We create a TRANS identifier for each policy event and convert policy attributes into an item list.
The original COBAP dataset is provided in a “wide” format, where each row corresponds to a single border policy event and each column represents a specific policy attribute (e.g. air travel restrictions, visa bans, citizen exceptions).
However, association rule algorithms such as Apriori and ECLAT require the data to be in a transaction format, where: - each transaction is a set of items, - each item represents a characteristic that is present in that transaction.

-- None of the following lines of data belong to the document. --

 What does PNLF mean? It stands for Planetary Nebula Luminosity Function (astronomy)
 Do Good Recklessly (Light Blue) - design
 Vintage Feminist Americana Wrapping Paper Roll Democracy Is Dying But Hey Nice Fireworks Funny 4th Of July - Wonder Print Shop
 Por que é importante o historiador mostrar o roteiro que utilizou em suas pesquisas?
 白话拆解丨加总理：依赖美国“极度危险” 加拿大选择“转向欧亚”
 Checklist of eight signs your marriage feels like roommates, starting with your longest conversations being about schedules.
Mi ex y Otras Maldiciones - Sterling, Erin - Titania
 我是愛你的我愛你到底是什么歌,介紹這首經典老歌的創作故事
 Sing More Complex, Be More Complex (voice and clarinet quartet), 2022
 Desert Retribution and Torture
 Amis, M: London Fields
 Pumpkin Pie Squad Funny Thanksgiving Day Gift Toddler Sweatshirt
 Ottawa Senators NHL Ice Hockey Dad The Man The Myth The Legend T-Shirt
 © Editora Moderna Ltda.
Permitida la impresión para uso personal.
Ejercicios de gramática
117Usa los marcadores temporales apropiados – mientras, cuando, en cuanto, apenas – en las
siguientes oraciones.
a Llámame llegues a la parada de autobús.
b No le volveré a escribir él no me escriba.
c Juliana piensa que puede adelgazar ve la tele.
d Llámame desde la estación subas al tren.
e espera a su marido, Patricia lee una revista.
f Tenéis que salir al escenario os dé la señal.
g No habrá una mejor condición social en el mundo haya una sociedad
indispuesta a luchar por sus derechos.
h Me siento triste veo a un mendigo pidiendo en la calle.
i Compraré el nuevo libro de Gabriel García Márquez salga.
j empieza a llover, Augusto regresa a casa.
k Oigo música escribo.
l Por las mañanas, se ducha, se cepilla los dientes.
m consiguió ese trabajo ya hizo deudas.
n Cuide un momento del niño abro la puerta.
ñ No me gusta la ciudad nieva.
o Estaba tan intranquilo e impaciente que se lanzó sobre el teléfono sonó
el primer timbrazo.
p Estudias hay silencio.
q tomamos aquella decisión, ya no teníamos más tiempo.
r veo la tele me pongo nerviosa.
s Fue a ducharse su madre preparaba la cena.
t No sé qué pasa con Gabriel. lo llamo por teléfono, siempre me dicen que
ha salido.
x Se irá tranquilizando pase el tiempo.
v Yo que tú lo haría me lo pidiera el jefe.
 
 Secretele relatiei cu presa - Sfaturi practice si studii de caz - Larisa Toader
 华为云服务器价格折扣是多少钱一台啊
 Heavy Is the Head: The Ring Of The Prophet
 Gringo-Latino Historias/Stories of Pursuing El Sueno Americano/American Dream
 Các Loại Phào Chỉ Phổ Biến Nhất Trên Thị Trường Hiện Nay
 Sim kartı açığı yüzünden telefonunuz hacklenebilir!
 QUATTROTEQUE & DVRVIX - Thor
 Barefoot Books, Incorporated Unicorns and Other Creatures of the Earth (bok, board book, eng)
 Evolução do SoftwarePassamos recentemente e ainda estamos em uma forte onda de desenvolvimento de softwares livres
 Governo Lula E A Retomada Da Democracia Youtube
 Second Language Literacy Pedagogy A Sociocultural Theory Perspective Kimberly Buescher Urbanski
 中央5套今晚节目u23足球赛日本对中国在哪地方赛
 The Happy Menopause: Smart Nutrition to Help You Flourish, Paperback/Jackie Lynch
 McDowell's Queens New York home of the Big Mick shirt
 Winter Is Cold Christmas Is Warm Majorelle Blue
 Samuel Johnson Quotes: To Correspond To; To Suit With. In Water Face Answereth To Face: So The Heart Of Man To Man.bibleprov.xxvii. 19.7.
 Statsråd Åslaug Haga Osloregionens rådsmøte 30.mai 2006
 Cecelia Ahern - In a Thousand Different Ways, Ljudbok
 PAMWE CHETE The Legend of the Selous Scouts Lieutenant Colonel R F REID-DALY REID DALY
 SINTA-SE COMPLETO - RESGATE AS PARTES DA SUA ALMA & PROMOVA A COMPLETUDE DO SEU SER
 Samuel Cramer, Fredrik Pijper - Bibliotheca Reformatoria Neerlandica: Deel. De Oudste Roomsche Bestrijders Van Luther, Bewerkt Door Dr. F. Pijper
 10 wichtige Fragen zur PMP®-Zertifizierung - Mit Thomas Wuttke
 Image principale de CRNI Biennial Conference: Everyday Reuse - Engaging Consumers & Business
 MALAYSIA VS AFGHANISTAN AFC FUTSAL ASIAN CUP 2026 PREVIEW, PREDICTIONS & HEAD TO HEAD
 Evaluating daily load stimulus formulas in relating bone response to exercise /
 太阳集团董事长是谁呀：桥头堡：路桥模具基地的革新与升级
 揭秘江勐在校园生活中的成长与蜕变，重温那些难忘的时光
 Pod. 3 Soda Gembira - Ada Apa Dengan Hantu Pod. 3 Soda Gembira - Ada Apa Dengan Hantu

In this project, we define:
This transformation allows us to interpret each policy event as a “policy package” consisting of several coordinated measures.
item_cols <- c(
"POLICY_TYPE", "POLICY_SUBTYPE",
"AIR", "LAND", "SEA",
"VISA_BAN", "CITIZEN", "HISTORY_BAN", "REFUGEE",
"CITIZEN_EXCEP", "COUNTRY_EXCEP", "WORK_EXCEP"
)
df2 <- df %>%
select(ID, COUNTRY_NAME, START_DATE, all_of(item_cols)) %>%
mutate(
TRANS = paste(COUNTRY_NAME, START_DATE, ID, sep = "_"),
POLICY_TYPE = paste0("TYPE_", POLICY_TYPE),
POLICY_SUBTYPE = paste0("SUBTYPE_", POLICY_SUBTYPE)
)
binary_cols <- c(
"AIR","LAND","SEA",
"VISA_BAN","CITIZEN","HISTORY_BAN","REFUGEE",
"CITIZEN_EXCEP","COUNTRY_EXCEP","WORK_EXCEP"
)
# binary items (keep only variables where val == 1)
long_bin <- df2 %>%
select(TRANS, all_of(binary_cols)) %>%
pivot_longer(-TRANS, names_to="var", values_to="val") %>%
filter(val == 1) %>%
mutate(ITEM = var) %>%
select(TRANS, ITEM)
# categorical items (policy type and subtype become items)
long_cat <- df2 %>%
select(TRANS, POLICY_TYPE, POLICY_SUBTYPE) %>%
pivot_longer(cols=-TRANS, names_to="var", values_to="val") %>%
filter(!is.na(val), val != "SUBTYPE_NONE") %>%
mutate(ITEM = val) %>%
select(TRANS, ITEM)
trans_single <- bind_rows(long_cat, long_bin) %>% distinct()
head(trans_single, 15)
## # A tibble: 15 × 2
## TRANS ITEM
## <chr> <chr>
## 1 Cyprus_06_21_21_CY36 TYPE_PARTIAL
## 2 Cyprus_06_21_21_CY36 SUBTYPE_HISTORY_BAN
## 3 Anguilla_04_22_21_AI04 TYPE_COMPLETE
## 4 Anguilla_04_22_21_AI04 SUBTYPE_ESSENTIAL_ONLY
## 5 Argentina_03_27_20_AR03 TYPE_COMPLETE
## 6 Argentina_03_27_20_AR03 SUBTYPE_ESSENTIAL_ONLY
## 7 Aruba_03_26_20_AW04 TYPE_COMPLETE
## 8 Aruba_03_26_20_AW04 SUBTYPE_ESSENTIAL_ONLY
## 9 Benin_03_17_20_BJ02 TYPE_COMPLETE
## 10 Benin_03_17_20_BJ02 SUBTYPE_ESSENTIAL_ONLY
## 11 Bonaire, Sint Eustatius and Saba_03_15_20_BQ01 TYPE_COMPLETE
## 12 Bonaire, Sint Eustatius and Saba_03_15_20_BQ01 SUBTYPE_ESSENTIAL_ONLY
## 13 Belize_04_05_20_BZ10 TYPE_COMPLETE
## 14 Belize_04_05_20_BZ10 SUBTYPE_ESSENTIAL_ONLY
## 15 Cocos (Keeling) Islands_04_17_20_CC33 TYPE_COMPLETE
Each row now represents one (transaction, item) pair. This is the standard “single format” required by the arules package.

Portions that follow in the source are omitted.